Но не следует обманываться относительно удельного веса этого сравнительно-исторического анализа. «Известные общественные формы развития», с которыми связан рост эпоса, будут выяснены; станет столь же ясным состав отдельных апосов, в том числе и «Илиады»; будет даже дана картина миграции и сплетения эпических мотивов, будут указаны специфические приемы эпического творчества, одним словом, будет более или менее точно охарактеризован весь запас эпического материала, выработанный «сказителями» каждой отдельной народности; но один роковой вопрос останется, — почему в смысле эстетической ценности «Илиада» производила и производит гораздо более сильное впечатление на читателя?

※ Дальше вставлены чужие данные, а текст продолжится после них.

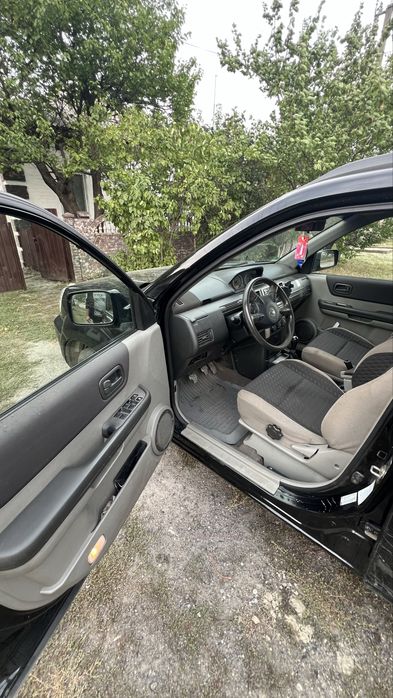 NISSAN X-TRAIL  2004 года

Конечно, может последовать возражение — только на читателя определенной культуры. Да, но ведь у этого же самого читателя есть и «Песнь о Нибелунгах», и «Песнь о Роланде», и если подобно Трельчу говорить о современной европейской культуре как о некоем синтезе, то совершенно ясно, что доля древних германцев в этой культуре не меньше греческой; но, тем не менее, именно Гомер, а не Нибелунги, именно в Греции человеческое детство «развилось всего прекраснее» (Маркс)[3]

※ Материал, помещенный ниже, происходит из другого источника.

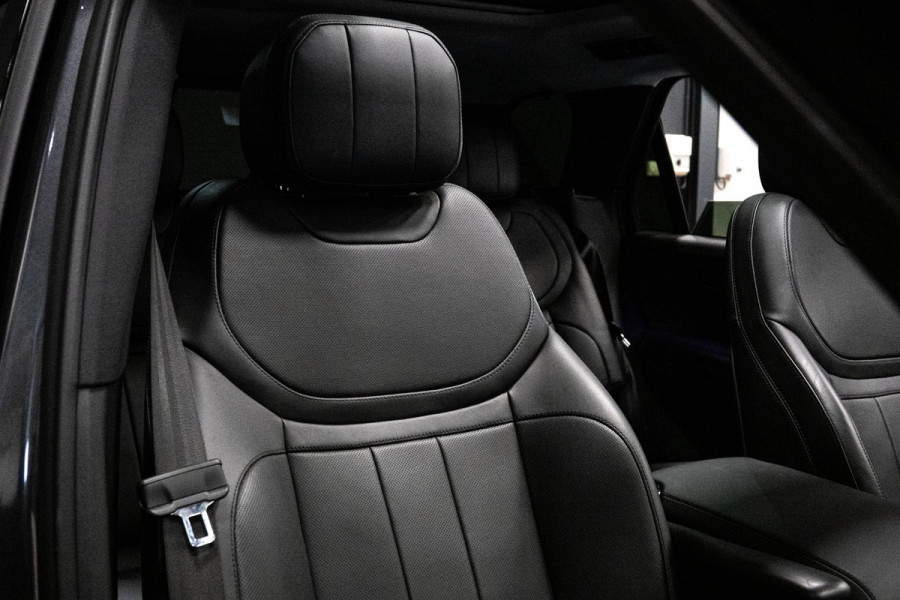 Land Rover Range Rover Sport D300 HSE Dynamic *Meridian / Luchtvering / Stoelventilatie / Panorama / HUD / Surround View* Land Rover Range Rover Sport D300 HSE Dynamic *Meridian / Luchtvering / Stoelventilatie / Panorama / HUD / Surround View*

, именно «один народ должен ты изучать, возможность изучать который уже есть высокая слава и выделяющая редкостность, — греков» (Ницше). Как раз на примере «Илиады» ясно сказывается, что по отношению к этой конкретной художественной индивидуальности, какой является гомеровская поэма, одного голого указания на исключительную роль греков и Греции в истории человеческой культуры еще мало, и, может быть, конечным пунктом последнего гомеровского исследования будет некий нерастворимый осадок, подобие недоказуемой математической аксиомы, именем для которого и следует оставить слово «Гомер».Если древняя Греция, по Марксу, прелестна «как никогда не повторяющаяся ступень», то на этой ступени существовал и никогда не повторявшийся поэт, сумевший так оформить эпические предания своего народа, что не только родная ему малоазиатская Иония, но и вся Греция сделала его просто «поэтом», даже не нуждающимся в особом имени. И нарицательное имя может быть собственным. Недаром Шиллер недоумевал, как Гёте мог подвергнуться лахманновскому миражу, хотя, впрочем, автор «Фауста» понемногу обрел в себе веру в живого Гомера. Разумеется, прав в конечном счете Виламовиц: «Пусть для нас станет ясным, что в Гомере как в человеке для нас заключается вовсе немного. Нам важна "Илиада", ее поэт или поэты в ней, поскольку они дали что-то индивидуальное в своих стихах. Имя — звук пустой (Schall und Rauch), и, если все следы его телесного существования сметены, это не может быть поставлено ему в укор. Также и в науке значима лишь истина, которая достигнута: она укрепляется и остается.
Тот, кто добыл ее, рано или поздно станет безразличен». Может быть, именно поэтому Пушкин только «старца великого тень чуял смущенной душой». А древний эллин, канонизировавший Гомера в своей литературе и обиходе, желая своеобразно выделить фигуру «поэта», сделал его даже слепым в своей иконографии, как бы подчеркивая гениальность оформителя своего древнего эпоса, сумевшего слепыми глазами увидеть недоступное зрячим. Для определенным образом установленного научного ума могло казаться, что только теории Вольфа — Лахманна открывали двери подлинного научного познания: в них «Гомер» разлагался на более мелкие, как будто лучше осязаемые величины, он как бы атомизировался, и в этом атомизировании и усматривалось решение «гомеровской» проблемы. Но что делать, если этим совершенно не решалась задача понимания «Илиады» как нормы и недосягаемого образа? Именно этим последним путем не «Гомер» (в кавычках), а просто Гомер возвратился в какой-то форме в рамки научного исследования.